A BELEZA E A JUSTIÇA NOS 12 PASSOS

A BELEZA E A JUSTIÇA NOS 12 PASSOS

Vivemos numa cultura em que a realidade do mundo é vista literalmente, isto é,  como se fosse um amontoado de coisas ou objetos. Esta forma de perceber a realidade, aliada ao uso de uma moral que reduz tudo a “certo” ou “errado”, além de ser altamente limitada constitui-se em uma máquina de gerar, incessantemente sentimento de culpa.

É preciso quebrar este ciclo vicioso. Para isso precisamos aprender a olhar a realidade de outro ponto de vista, outra perspectiva.

Daqui por diante, o desafio é tomarmos os 12 PASSOS  como nossa matéria prima, com o objetivo de imprimir-lhes uma visão poética da realidade a ser feita com o auxilio do uso das lentes da beleza e da justiça.

 

   Linguagem Literal:

Quando falamos em literal, estamos nos referindo a coisas mensuráveis e concretas, ao significado usual de uma palavra, ao seu sentido próprio. O sentido literal tende a ser analítico, está sempre se decompondo para facilitar a identificação das partes, com o fim de responder às perguntas “Por quê?” ou “Como?”.

O sentido literal se expressa por substantivos, não sendo usualmente a linguagem do emocional.

Obviamente precisamos usar a linguagem literal no dia a dia para contar nosso dinheiro, pegar o ônibus certo, consertar coisas, cozinhar, trabalhar. Porém, estas atividades literais também podem ser vistas pela perspectiva poética.

Se ficarmos somente no sentido literal, a vida não terá graça. Ou pior ainda, começaremos a descrever conceitos extremamente abstratos como se eles fossem coisas. É o caso, por exemplo, dos conceitos de alma, subconsciência, céu, inferno ou Deus, em que eles são tratados como se fossem “coisas concretas”, passíveis de serem localizadas num lugar específico.

 

   Linguagem Poética:

Quando falamos de linguagem poética, não estamos nos referindo ao significado usual de uma palavra, mas sim àquele decorrente de associações realizadas pelo uso de outros significados.

A linguagem poética utiliza mais adjetivos, é inexata e indireta. Por exemplo, a poesia, a música, a dança, a arte ou um sonho, despertam em nós percepções mais profundas do que despertariam as palavras. Pelo uso do sentido poético, ouvimos mais com a imaginação do que com o intelecto. Nesse sentido, a linguagem poética é mais sintética, mais aglutinadora de significados.
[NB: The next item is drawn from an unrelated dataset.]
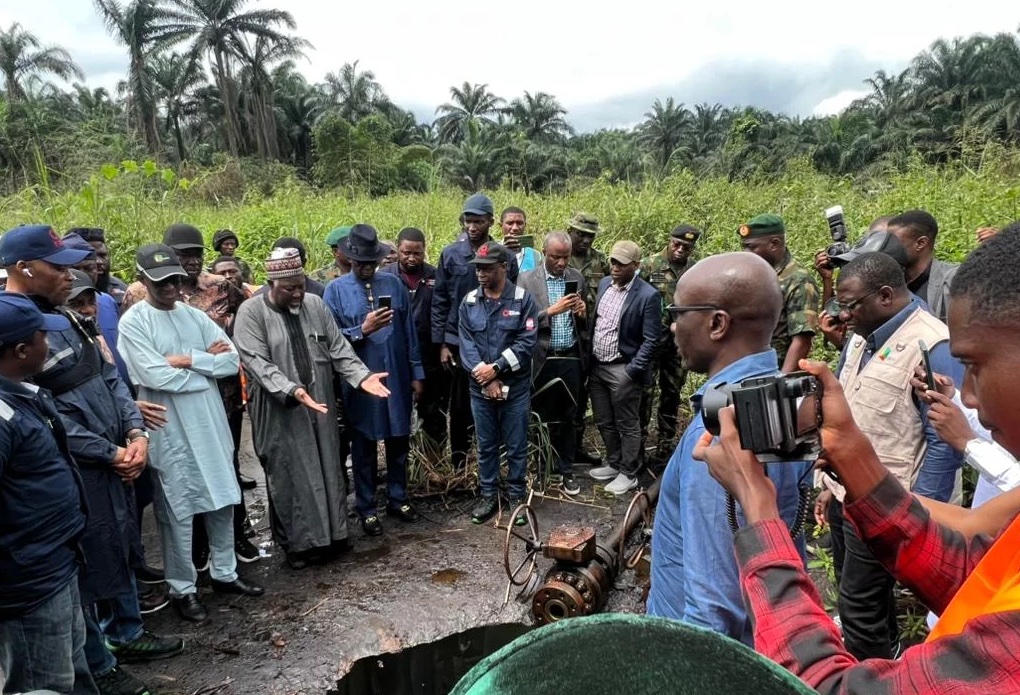 The Federal Government’s Oil Theft Situation Assessment Delegation to the Niger Delta Region during the tour of states in the region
A linguagem da poesia usa exemplos metafóricos e adjetivos, abrindo perspectivas ou significados diferentes para cada palavra utilizada, garantindo sua universalidade, ou seja, sua compreensão por todos. Ela responde a pergunta: “O que está acontecendo?”. E a resposta é dada por meio de perspectiva mutante, porque é apoiada em contextos específicos que exigem aprofundamento constante. É a linguagem das emoções e da beleza, colocando em funcionamento mais a percepção do que a compreensão racional.

Quando falamos de uma visão poética não estamos falando de poesia, poetas ou poemas, mas de uma VISÃO, de uma PERSPECTIVA, ou de uma MENTALIDADE POÉTICA, conforme as características relacionadas a seguir:

– Uma visão poética é caracterizada pela dúvida. Tudo é sempre provisório, nada é fixo. Tudo pode ser mudado.

– Uma visão poética reconhece a “inconsciência como uma presença” e não como um lugar onde reside o desconhecido que poderá apresentar uma ou outra opção a qualquer momento.

– Uma visão poética vive confortavelmente com o paradoxo, com a ambivalência e com a contradição.

– Uma visão poética questiona se a religião baseada em revelação é paranóia ou não.

– Uma visão poética é característica de uma mente aberta, mistério, imaginação, magia, criatividade e muita energia.

– Uma visão poética incorpora a ironia, o humor, a compaixão ou gargalhadas.

Quando usamos a linguagem poética, utilizamos mais do que palavras que rimam, usufruímos muito mais do que sensações ou sonoridades agradáveis.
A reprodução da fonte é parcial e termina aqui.